While not quite life coach status, I have learned a fair amount from Katie as my investment mindset can sometimes mirror Lucy’s.  Katie is that fun friend ordering a round of shots while splitting 8s and doubling down.  She was buying airline and restaurant stocks while the world was going the way of Covid.  She doesn’t overthink things – she lives within the 2 standard deviations of life -which is 95% of all outcomes.  Lucy is not so cavalier – she fears the outlier tail risk which is the other 5% - low probability, high impact events.  Below is a Stats 101 refresher.

Katie’s tender age likely insulates her from uncertainty.  She’s not interested in the wannabe Cassandras[ii] that traffic in fear.  She basically sticks with what she knows: buying low expensed, high quality assets and filtering out all the noise.  Lucy, on the other hand, doesn’t like ambiguity.  While none of us really do, she is especially susceptible to false prophets – particularly those offering free dinners at Biaggis and Hall’s.  Her appetite has already cost her a neck.


To be fair to Lucy, her perspective is pretty common.  Like many of us, she looks to media soothsayers for predictions.  They’re experts, right? And don’t we all want to know the future?  She lets current events (recency bias) muddle her judgement.  Feelings & emotions begin to cloud the facts.  She allows the herd mentality to seep into her psyche as a form of confirmation bias.  Just the other day, she yanked on my pantleg and pointed out this unemployment graph.

Pretty powerful stuff.  She then pulled out her yarn satchel and showed me lofty stock market valuations, the projected federal deficit, distressed yield curve, historic bankruptcies, highly leveraged corporations, the ballooning Federal Reserve balance sheet all while watching protests in our driveway.  I noted the demonstrators were just hungry cats but point taken.  I then asked her if all this was rearview looking?     


Katie, not to be upstaged, remarked at how markets are forward discounting mechanisms, zero percent interest rates, strong dollar, high bearish sentiment, a historically good June employment report & a flattening of the curve.  Then she dropped this doozy at my feet: off-the-chart personal savings - over $6 trillion now stuffed in money markets.

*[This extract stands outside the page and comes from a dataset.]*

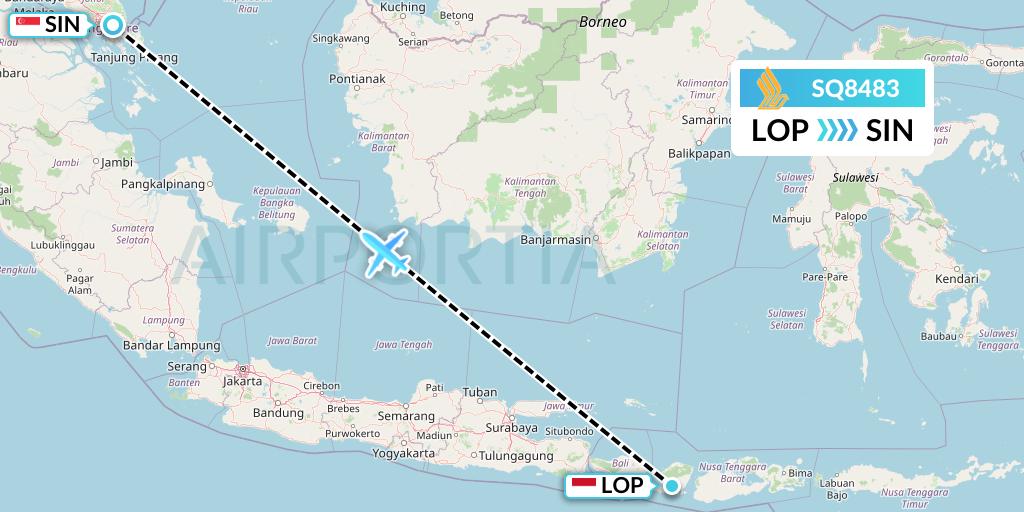 SQ8483 Singapore Airlines Flight Map: Lombok to Singapore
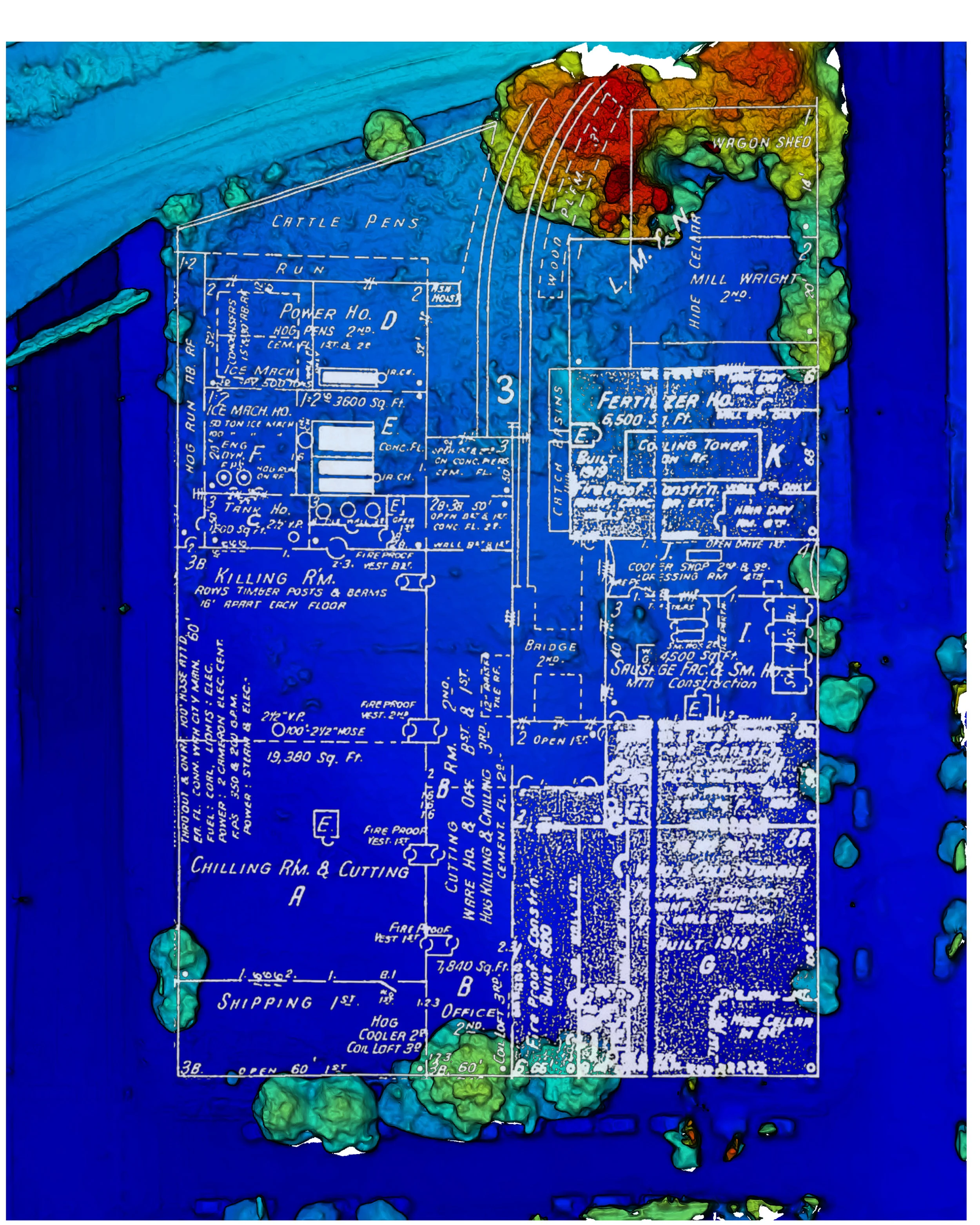 Topographic map overlaid with data from the 1926 Sanborn Fire Insurance map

Now I was thoroughly confused.  Both of them had convincingly data mined to support their contrary views.  Since we know nothing about the future, we have no choice but to extrapolate past patterns, stats and events.  The best forecasters somehow put it all in perspective: sift the fat, humbly choose a probability & prepare to be wrong.  Famed investor Howard Marks said it astutely: “You can’t predict, you can prepare”.


The Fed’s determination to reflate the markets (Modern Monetary Theory) further convolutes an investment strategy.  History says don’t fight ‘em (95% of outcomes) but what happens if/when the other 5% finally happens and they fail?  I guess I’m going to continue doing what I usually do: spread my bets, hold some cash & lift Lucy with my legs.  It won’t make for newsworthy headlines or tasty seminars but it’s also not a recipe for regret or a sore back.